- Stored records
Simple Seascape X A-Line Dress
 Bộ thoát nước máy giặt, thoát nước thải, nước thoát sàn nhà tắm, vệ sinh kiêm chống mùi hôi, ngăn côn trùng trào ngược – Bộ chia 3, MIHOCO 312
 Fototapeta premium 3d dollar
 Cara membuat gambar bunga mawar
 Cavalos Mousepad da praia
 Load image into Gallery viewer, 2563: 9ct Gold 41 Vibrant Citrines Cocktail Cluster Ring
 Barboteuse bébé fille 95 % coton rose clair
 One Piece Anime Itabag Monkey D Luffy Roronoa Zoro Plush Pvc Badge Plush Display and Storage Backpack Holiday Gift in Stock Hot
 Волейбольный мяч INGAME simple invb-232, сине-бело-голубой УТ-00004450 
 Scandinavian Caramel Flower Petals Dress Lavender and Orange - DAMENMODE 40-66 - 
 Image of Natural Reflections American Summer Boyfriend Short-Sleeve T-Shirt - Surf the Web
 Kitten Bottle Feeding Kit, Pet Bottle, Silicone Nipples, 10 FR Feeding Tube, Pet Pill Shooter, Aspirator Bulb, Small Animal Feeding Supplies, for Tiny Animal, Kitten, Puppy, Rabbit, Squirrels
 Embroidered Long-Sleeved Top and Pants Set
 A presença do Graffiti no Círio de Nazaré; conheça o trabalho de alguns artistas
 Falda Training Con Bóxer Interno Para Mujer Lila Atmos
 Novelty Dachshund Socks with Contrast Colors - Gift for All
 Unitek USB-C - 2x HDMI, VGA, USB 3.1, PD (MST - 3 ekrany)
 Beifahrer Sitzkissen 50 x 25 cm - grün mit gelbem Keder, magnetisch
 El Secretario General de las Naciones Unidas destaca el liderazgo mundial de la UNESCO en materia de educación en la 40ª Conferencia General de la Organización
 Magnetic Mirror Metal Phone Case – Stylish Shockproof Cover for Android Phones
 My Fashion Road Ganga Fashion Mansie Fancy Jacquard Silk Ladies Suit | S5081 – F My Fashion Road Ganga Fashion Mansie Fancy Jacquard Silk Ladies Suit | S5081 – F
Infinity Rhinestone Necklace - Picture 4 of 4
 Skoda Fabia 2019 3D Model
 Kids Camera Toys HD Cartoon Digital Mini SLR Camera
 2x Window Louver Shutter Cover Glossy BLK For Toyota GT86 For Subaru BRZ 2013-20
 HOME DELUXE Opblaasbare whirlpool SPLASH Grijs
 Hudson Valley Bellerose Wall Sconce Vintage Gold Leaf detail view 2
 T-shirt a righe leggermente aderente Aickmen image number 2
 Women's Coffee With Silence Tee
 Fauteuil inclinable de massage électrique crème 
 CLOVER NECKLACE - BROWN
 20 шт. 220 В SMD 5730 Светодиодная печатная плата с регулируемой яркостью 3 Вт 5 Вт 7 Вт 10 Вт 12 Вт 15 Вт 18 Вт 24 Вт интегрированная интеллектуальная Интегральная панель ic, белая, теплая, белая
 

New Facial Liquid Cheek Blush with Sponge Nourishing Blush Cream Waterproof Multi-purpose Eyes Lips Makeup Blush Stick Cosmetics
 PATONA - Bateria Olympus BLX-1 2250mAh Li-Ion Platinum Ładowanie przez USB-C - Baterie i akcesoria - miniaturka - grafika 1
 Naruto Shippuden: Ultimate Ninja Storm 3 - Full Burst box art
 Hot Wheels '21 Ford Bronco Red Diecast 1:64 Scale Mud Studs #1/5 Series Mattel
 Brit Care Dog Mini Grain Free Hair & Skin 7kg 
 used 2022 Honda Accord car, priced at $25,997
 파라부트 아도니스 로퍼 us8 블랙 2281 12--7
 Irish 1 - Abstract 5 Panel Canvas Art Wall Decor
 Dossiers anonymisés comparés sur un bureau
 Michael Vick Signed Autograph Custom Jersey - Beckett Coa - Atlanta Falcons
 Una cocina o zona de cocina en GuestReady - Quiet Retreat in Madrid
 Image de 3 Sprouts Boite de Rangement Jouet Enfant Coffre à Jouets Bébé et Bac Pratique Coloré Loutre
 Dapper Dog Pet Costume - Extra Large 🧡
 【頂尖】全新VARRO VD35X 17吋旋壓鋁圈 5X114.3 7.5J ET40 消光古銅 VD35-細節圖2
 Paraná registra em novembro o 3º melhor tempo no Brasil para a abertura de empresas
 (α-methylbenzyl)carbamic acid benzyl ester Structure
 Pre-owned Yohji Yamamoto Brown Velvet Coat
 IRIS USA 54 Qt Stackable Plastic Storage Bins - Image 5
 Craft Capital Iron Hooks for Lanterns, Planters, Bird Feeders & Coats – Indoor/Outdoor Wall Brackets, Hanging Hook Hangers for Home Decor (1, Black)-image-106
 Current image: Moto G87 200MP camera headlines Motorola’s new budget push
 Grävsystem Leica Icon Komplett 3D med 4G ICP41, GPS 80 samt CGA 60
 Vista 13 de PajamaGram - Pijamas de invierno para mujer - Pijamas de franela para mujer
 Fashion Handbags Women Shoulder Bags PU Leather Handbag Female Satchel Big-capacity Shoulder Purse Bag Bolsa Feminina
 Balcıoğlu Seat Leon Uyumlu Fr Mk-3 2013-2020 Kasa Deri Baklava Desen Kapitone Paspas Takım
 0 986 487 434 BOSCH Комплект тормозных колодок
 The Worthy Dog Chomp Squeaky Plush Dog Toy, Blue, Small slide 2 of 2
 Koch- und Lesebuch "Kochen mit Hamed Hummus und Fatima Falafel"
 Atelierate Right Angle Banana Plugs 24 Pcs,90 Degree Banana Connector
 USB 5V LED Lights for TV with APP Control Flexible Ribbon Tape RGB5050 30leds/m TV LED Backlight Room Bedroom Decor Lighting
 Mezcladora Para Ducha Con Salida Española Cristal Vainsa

- ASSIGNMENT
Using the data above, reproduce exactly the lines from the line that contains "One Piece Anime" through the line that contains "2x Window Louver", including both.

- SOLUTION
 One Piece Anime Itabag Monkey D Luffy Roronoa Zoro Plush Pvc Badge Plush Display and Storage Backpack Holiday Gift in Stock Hot
 Волейбольный мяч INGAME simple invb-232, сине-бело-голубой УТ-00004450 
 Scandinavian Caramel Flower Petals Dress Lavender and Orange - DAMENMODE 40-66 - 
 Image of Natural Reflections American Summer Boyfriend Short-Sleeve T-Shirt - Surf the Web
 Kitten Bottle Feeding Kit, Pet Bottle, Silicone Nipples, 10 FR Feeding Tube, Pet Pill Shooter, Aspirator Bulb, Small Animal Feeding Supplies, for Tiny Animal, Kitten, Puppy, Rabbit, Squirrels
 Embroidered Long-Sleeved Top and Pants Set
 A presença do Graffiti no Círio de Nazaré; conheça o trabalho de alguns artistas
 Falda Training Con Bóxer Interno Para Mujer Lila Atmos
 Novelty Dachshund Socks with Contrast Colors - Gift for All
 Unitek USB-C - 2x HDMI, VGA, USB 3.1, PD (MST - 3 ekrany)
 Beifahrer Sitzkissen 50 x 25 cm - grün mit gelbem Keder, magnetisch
 El Secretario General de las Naciones Unidas destaca el liderazgo mundial de la UNESCO en materia de educación en la 40ª Conferencia General de la Organización
 Magnetic Mirror Metal Phone Case – Stylish Shockproof Cover for Android Phones
 My Fashion Road Ganga Fashion Mansie Fancy Jacquard Silk Ladies Suit | S5081 – F My Fashion Road Ganga Fashion Mansie Fancy Jacquard Silk Ladies Suit | S5081 – F
Infinity Rhinestone Necklace - Picture 4 of 4
 Skoda Fabia 2019 3D Model
 Kids Camera Toys HD Cartoon Digital Mini SLR Camera
 2x Window Louver Shutter Cover Glossy BLK For Toyota GT86 For Subaru BRZ 2013-20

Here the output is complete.